The primary season is well underway, and this week brings contested races in Mississippi, New Mexico, and Alabama to watch.  Here are the story lines to keep an eye on as results roll in, courtesy of the NBC News Political Unit.
/ Source: NBC News and msnbc.com

It’s Tuesday, and in this mid-term election year that means it’s almost certain that voting is going on somewhere in the United States.

The primary season is well underway, and this week brings contested races in Mississippi, New Mexico, and Alabama to watch.  Here are the story lines to keep an eye on as results roll in, courtesy of the NBC News Political Unit.

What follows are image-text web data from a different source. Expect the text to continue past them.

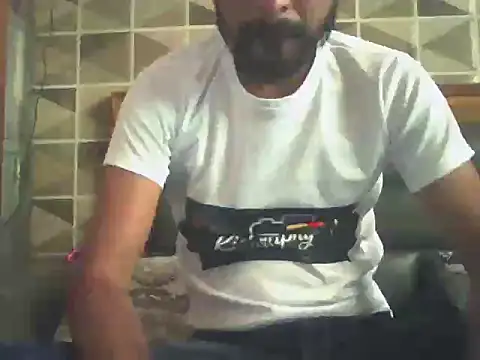 Forbidden Live143 online show from 9, 9, 2025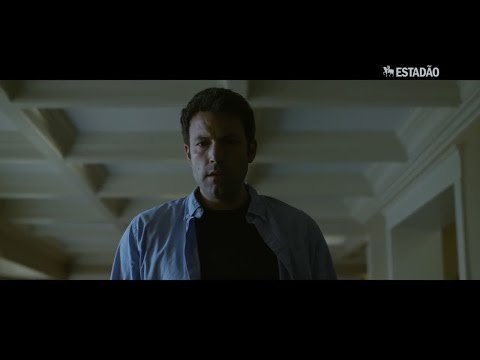 Garota Exemplar é o destaque da semana nos cinemas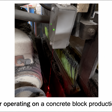 Industrial Laser Distance Sensor (RS485/4-20mA)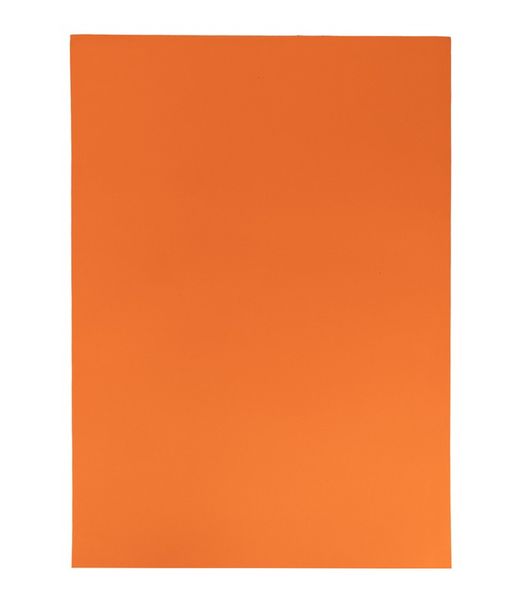Feuille de mousse EVA 40 x 60 cm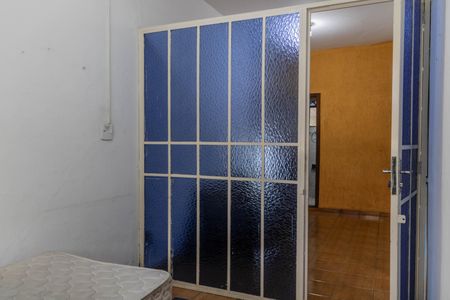 Casa para alugar com 95m², 3 quartos e 2 vagasQuarto 1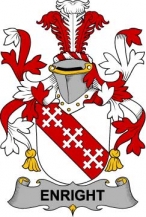 Irish/E/Enright-Crest-Coat-of-Arms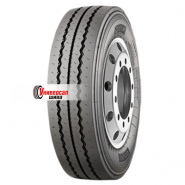 285/70 R19,5 150/148J GiTi GTL919 18сл Прицеп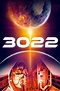 3022 Movie Poster - ID: 390928 - Image Abyss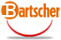 Bartscher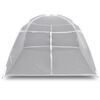 Product Thumbnail Image 4 of 8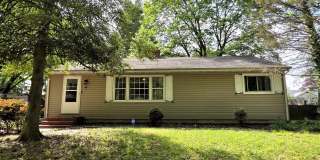 4 CAROLEE Drive Gallery 1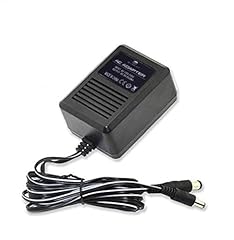 Wicareyo power supply for sale  Delivered anywhere in USA 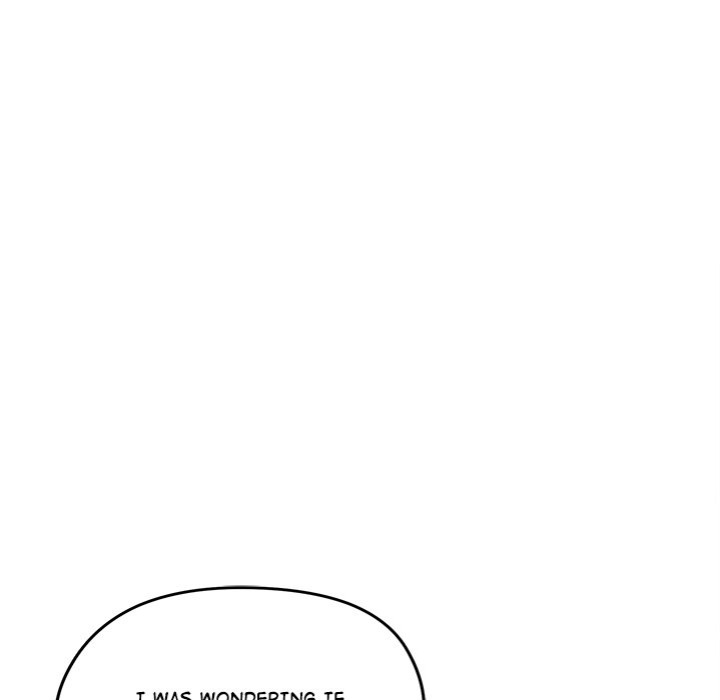 Runaway Wife - Chapter 39 Page 157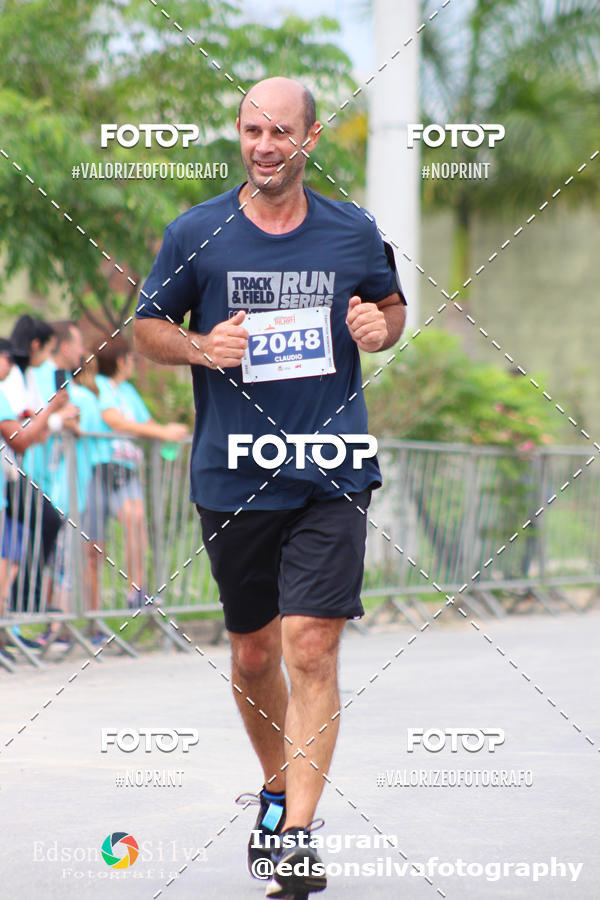 Buy your photos of the eventMEIA MARATONA DE JACARE  on Fotop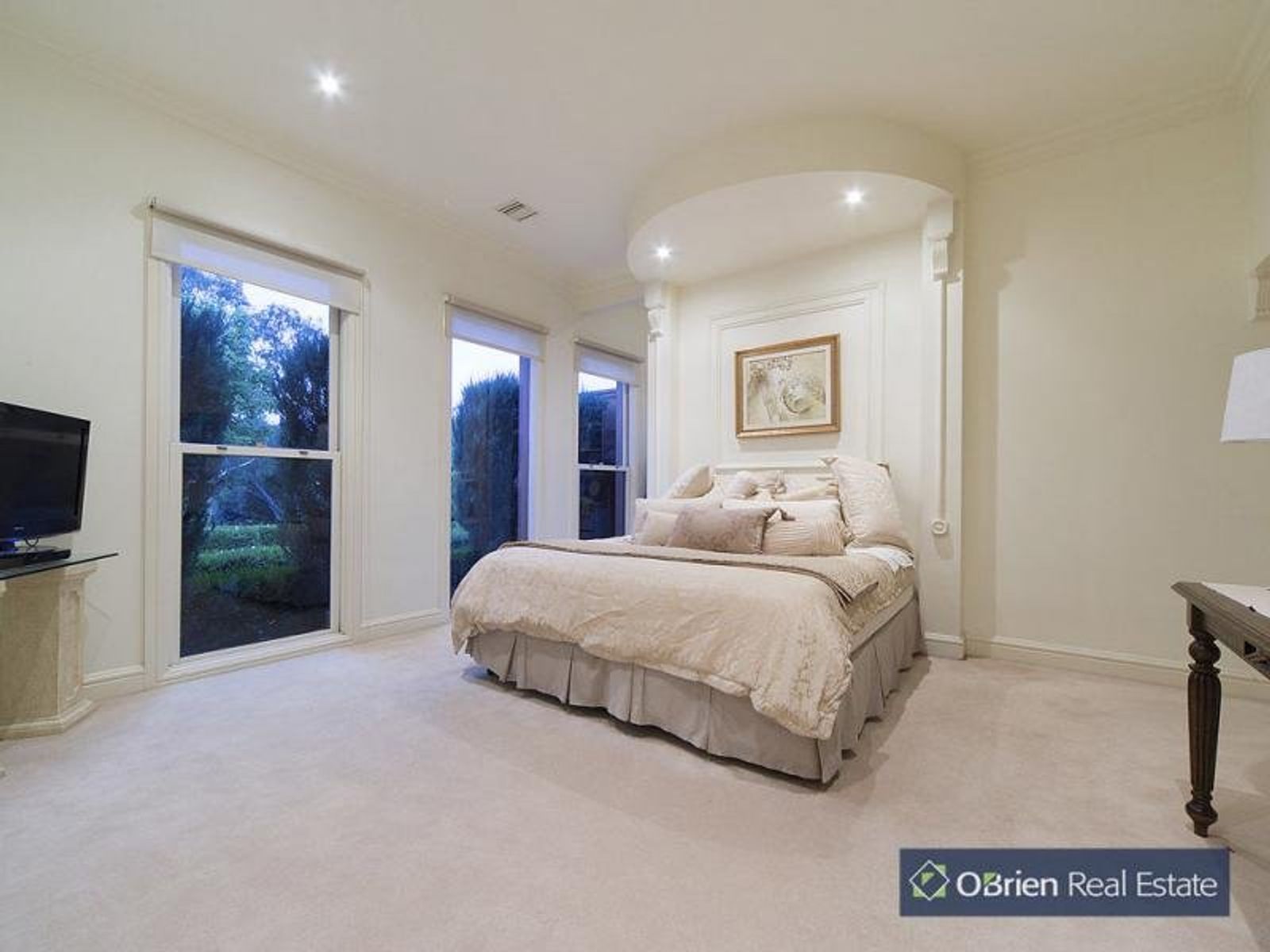 2 Sunnybank Close, Lysterfield South, VIC 3156, Lysterfield South - Thumbnail 7
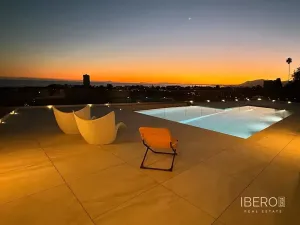 Prodej rodinného domu, Marbella, Španělsko, 429 m2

Could Alabama take a step toward electing its first black governor?
In the Democratic primary, Rep. Artur Davis will face off Tuesday against Agriculture Commissioner Ron Sparks. If he bests Sparks in the primary, Davis will make history as the first black nominee of either party for governor of the once-segregated Alabama. Either Democrat would likely face an uphill battle this fall against the Republicans.

Davis hopes that his vote against the Democratic-backed health care overhaul bill earlier this year will help him in this conservative state. But that vote cost him the endorsement of many of the state’s prominent civil rights organizations.

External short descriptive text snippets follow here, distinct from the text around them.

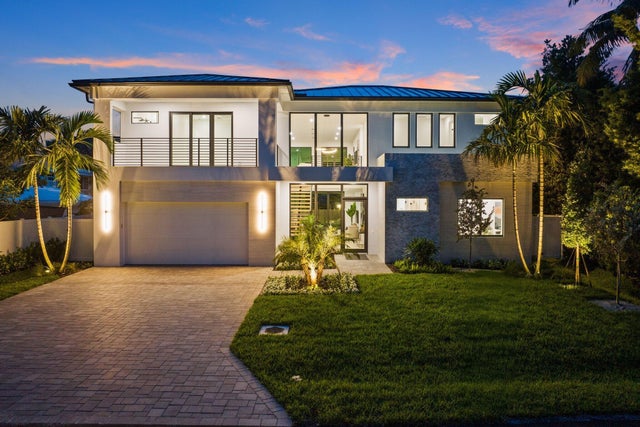 1 of 60 - 1408 Pine Lane, Delray Beach, FL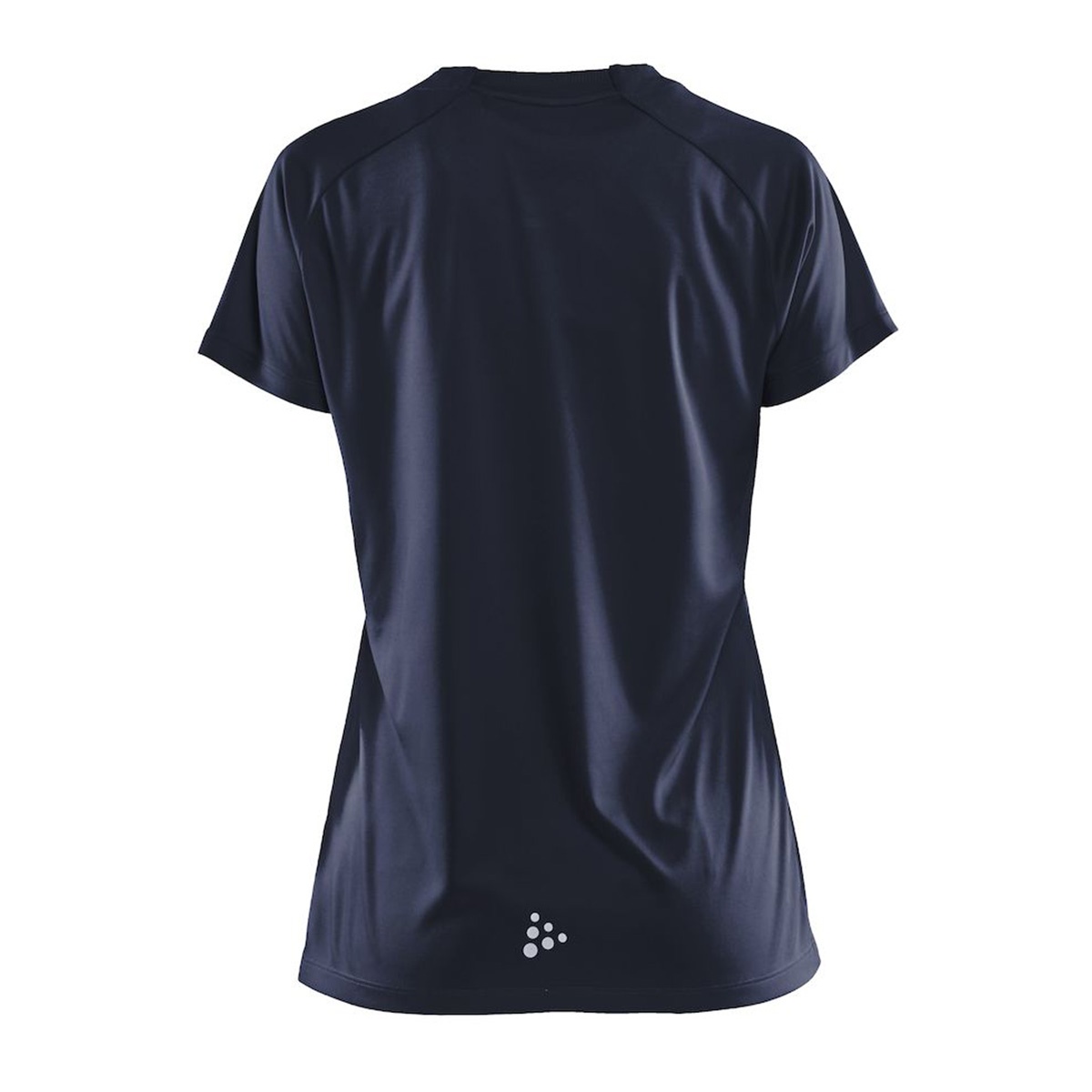 Craft Evolve Tee Dam
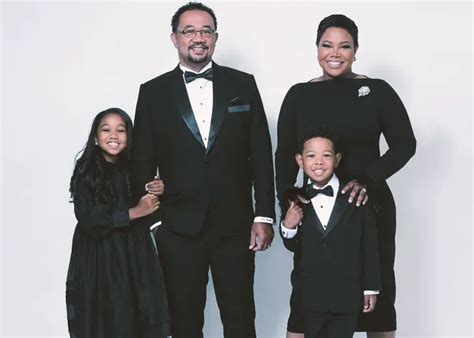 kellie s williams|kellie shanygne williams children.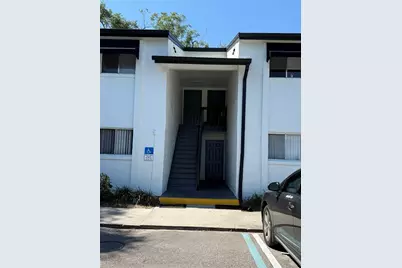 4213 S Semoran Boulevard #9, Orlando, FL 32822 - Photo 1
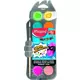 Maped, vod.bojice COLOR PEPS 1/12,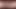 Azgın orta yaşlı seksi kadın her yere boşalana kadar kendini parmaklıyor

Will Griffith go the way of Specter?
When Rep. Parker Griffith, D-Ala. switched from the Democratic to the Republican party last year, he stepped into an already-tough primary between county commissioner Mo Brooks and former Navy pilot Les Phillips. Griffith’s opponents have made the freshman congressman’s party-switch the central issue of the race.

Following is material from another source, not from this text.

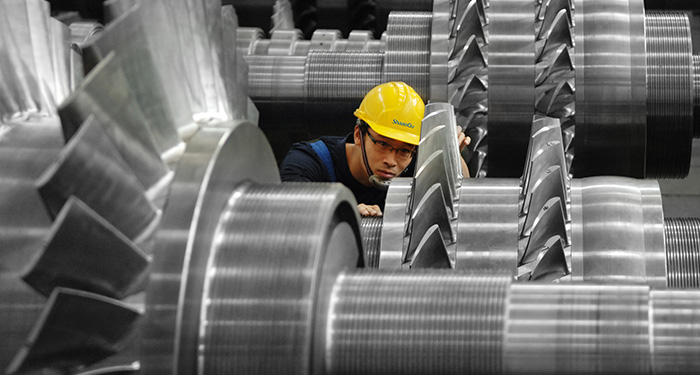 jdb电子游戏(中国)官方网站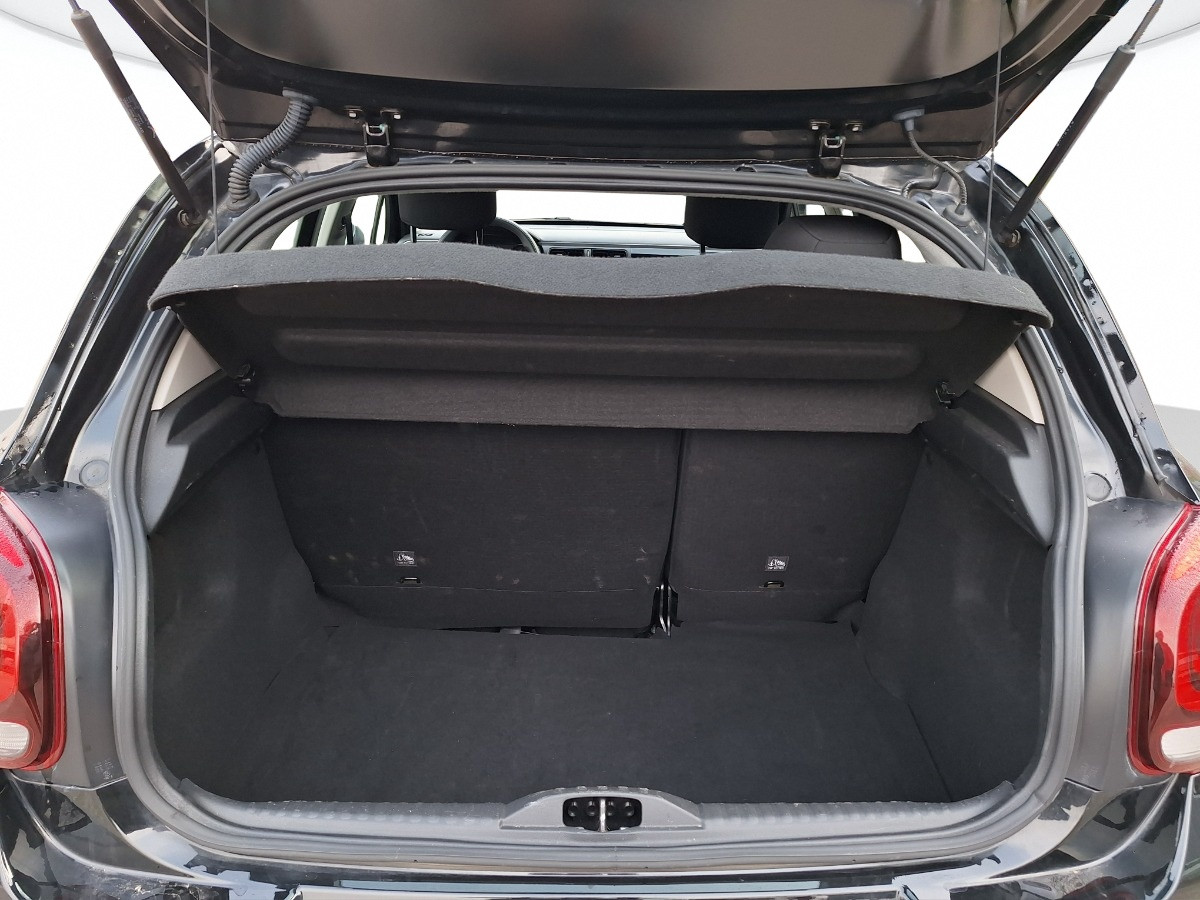 Citroen C3 Usato 2024 C3 San Vendemiano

(Another party-switcher, Sen. Arlen Specter of Pennsylvania, was defeated in his primary contest on May 18.)

This district has voted for a Republican in every presidential election since 1980, but it has never sent a Republican to Congress. The winner needs 50 percent of the primary vote to avoid a runoff election; with three candidates, it seems likely that none of the candidates will meet that threshold.

How will a GOP establishment pick fare in Mississippi?
Mississippi’s 1st district is held by Democrat Travis Childers, but it's a seat Republicans are targeting — and should have a good chance at flipping — in the November general election. But there's a tough three-way primary between state Sen. Alan Nunnelee, small-town mayor Henry Ross, and former Fox News contributor Angela McGlowan. (Nunnelee is the favored pick of national GOP establishment leaders.)

Like Griffith’s Alabama race, this one is likely headed to a runoff, and Democrats think they have a good shot of holding the seat in the fall if Ross wins. If they're right, the November contest could end up as another example of how Republican infighting has placed put the GOP’s most likely House seat pickups in jeopardy.

How much of a boost are ads worth in Alabama?
The Republican primary in Alabama governor's race has provided some of the most provocative ads of 2010 so far.

Front-runner Bradley Byrne was targeted by a conservative interest group for failing to take the Bible’s teachings on evolution literally enough.

Another ad from businessman Tim James, which urges that the state’s driver's license exam should only be administered in English, has received almost a million YouTube hits. "This is Alabama," he says in the campaign ad. "We speak English. If you want to live here, learn it."

James has seen an uptick in his poll numbers since the airing of those ads. He is likely headed for a second-place finish and a runoff with Byrne.

A third candidate in the race is Roy Moore, a former chief state Supreme Court justice, who was ousted from the bench for refusing to remove a 5,300-pound display of the Ten Commandments from the state courthouse.

Will Republicans position themselves to flip the New Mexico governor’s mansion?
Republicans are hoping that Susana Martinez, a county prosecutor, survives the bitter New Mexico gubernatorial primary against former state party chairman Allen Weh.

Republicans believe that Martinez, who also has Sarah Palin's backing, has the best shot at beating the Democratic candidate, Lt. Gov. Diane Denish, who is favored in the fall.